| Entries supplied |
════

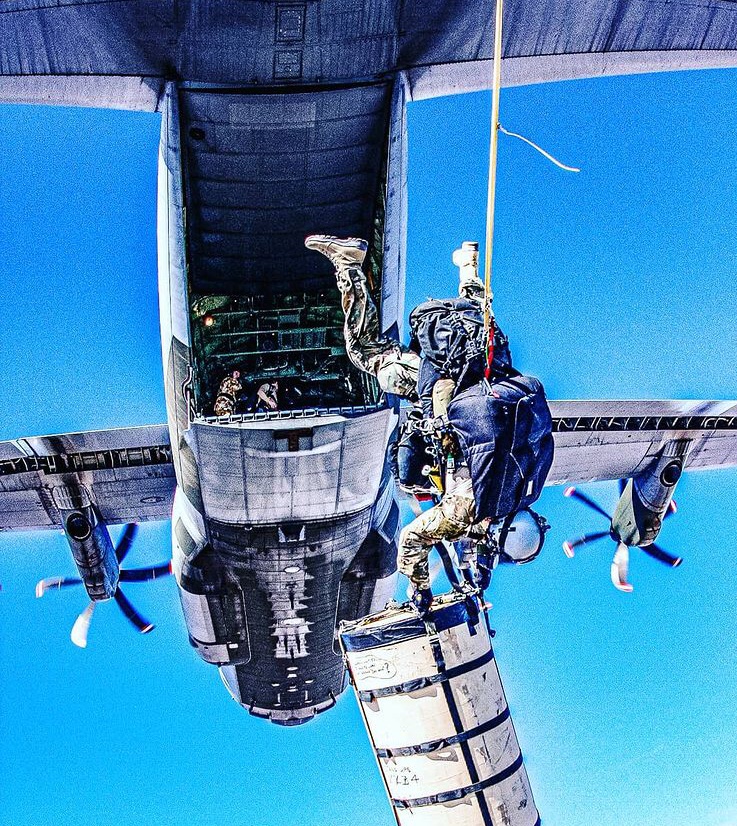 TheParachuteReg's tweet photo. Great to see innovation from @RoyalAirForce personnel that improves the array of @16AirAssltBde parachute insertion capabilities. Every member of the Joint Team plays a vital role ๐
#PerArduaAdAstra
#KnowledgeDispelsFear
#AdUnumOmnes
#UtrinqueParatus
https://t.co/ODl2oFUd6H https://t.co/qAgZ1OtkwX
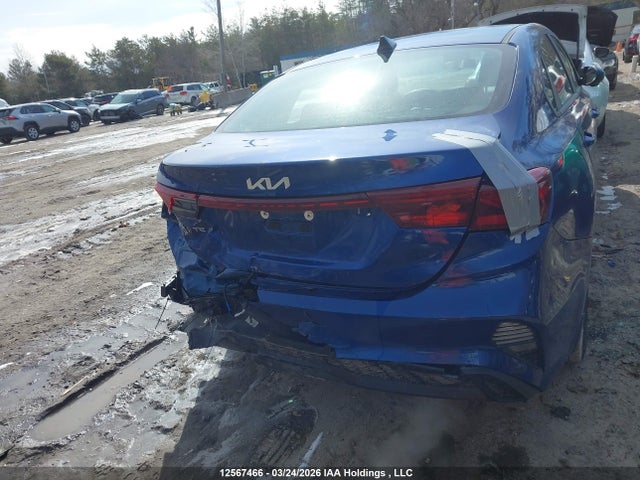 3KPF24AD8RE828556 KIA Forte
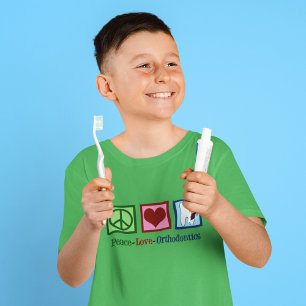 De Orthodontie van de Liefde van de vrede T-shirt
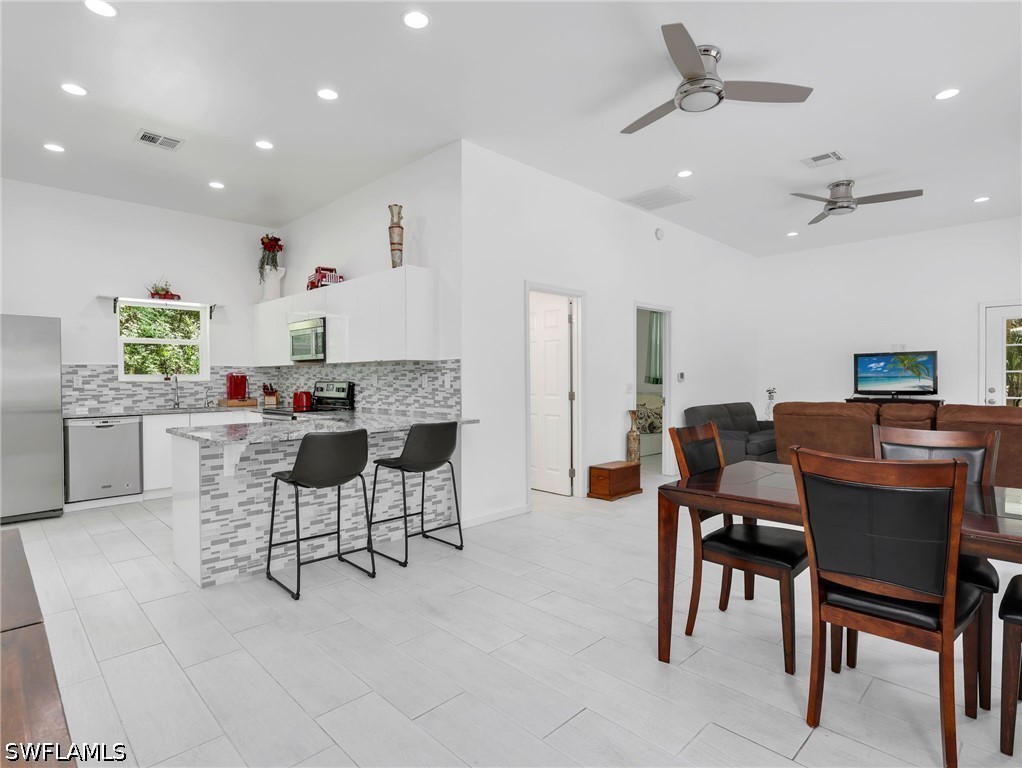 DiningArea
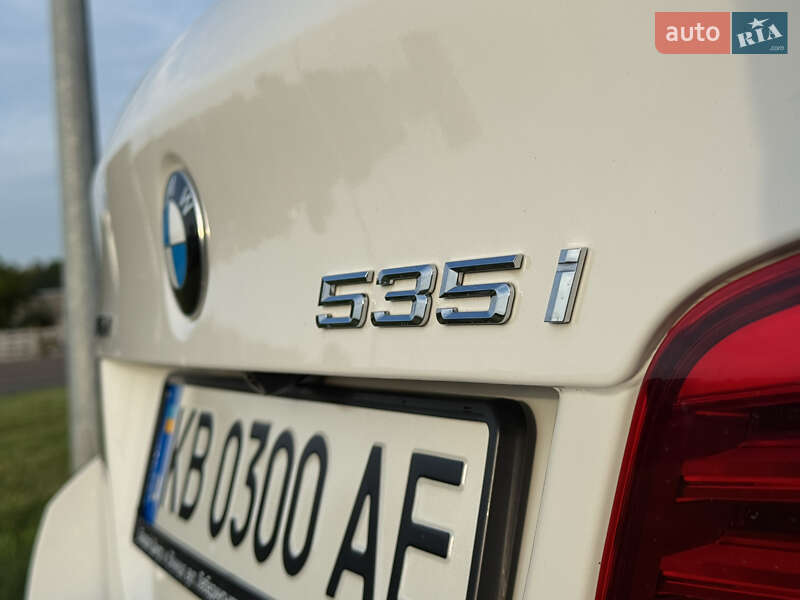 Седан BMW 5 Series 2015 в Виннице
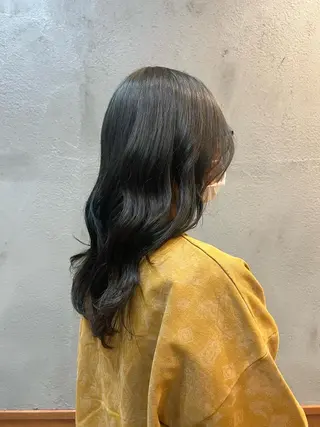 セミロング カラー 目黒 彩花のヘアスタイル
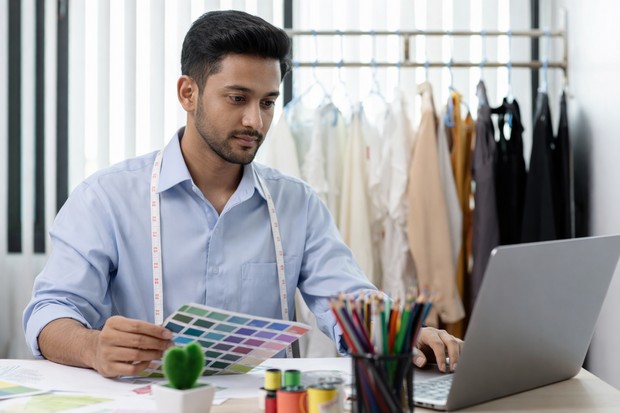 Apparel merchandiser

════

| Action item |
The lines to be quoted run from the line containing "3KPF24AD8RE828556 KIA Forte" through the end of the entries above, both included; quote them exactly and leave out any pictures.

| Final answer |
 3KPF24AD8RE828556 KIA Forte
 De Orthodontie van de Liefde van de vrede T-shirt
 DiningArea
 Седан BMW 5 Series 2015 в Виннице
 セミロング カラー 目黒 彩花のヘアスタイル
 Apparel merchandiser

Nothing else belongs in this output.